Activity:
In the material below, pictures must be dropped. Repeat exactly, and only, the lines from the line with "Așa arată un" to the line with "انسداد موقت جاده", both ends included.

Records supplied:
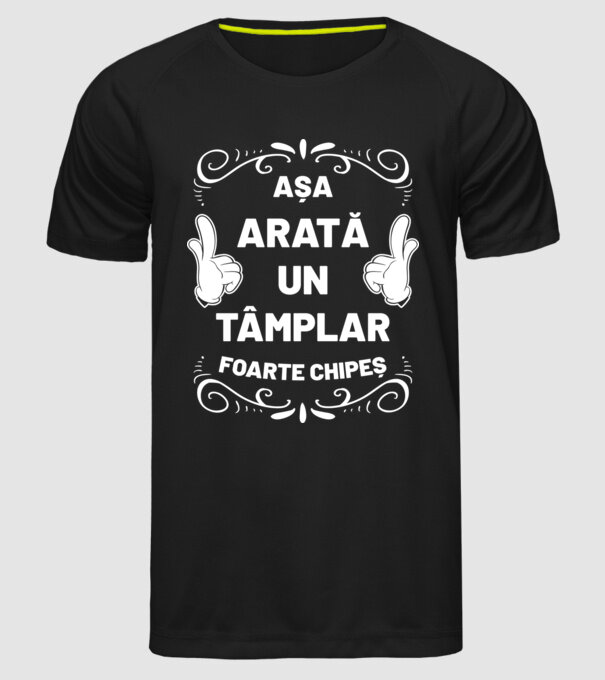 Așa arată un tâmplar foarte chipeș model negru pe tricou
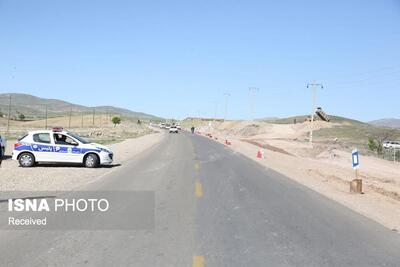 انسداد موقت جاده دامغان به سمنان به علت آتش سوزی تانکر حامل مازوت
--
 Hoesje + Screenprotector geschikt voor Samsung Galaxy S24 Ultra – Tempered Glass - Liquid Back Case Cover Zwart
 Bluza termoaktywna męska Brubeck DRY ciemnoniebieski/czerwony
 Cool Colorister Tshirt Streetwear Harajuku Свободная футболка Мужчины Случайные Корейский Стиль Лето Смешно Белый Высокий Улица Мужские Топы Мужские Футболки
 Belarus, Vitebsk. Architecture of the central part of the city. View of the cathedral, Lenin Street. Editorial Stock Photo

Output:
 Așa arată un tâmplar foarte chipeș model negru pe tricou
 انسداد موقت جاده دامغان به سمنان به علت آتش سوزی تانکر حامل مازوت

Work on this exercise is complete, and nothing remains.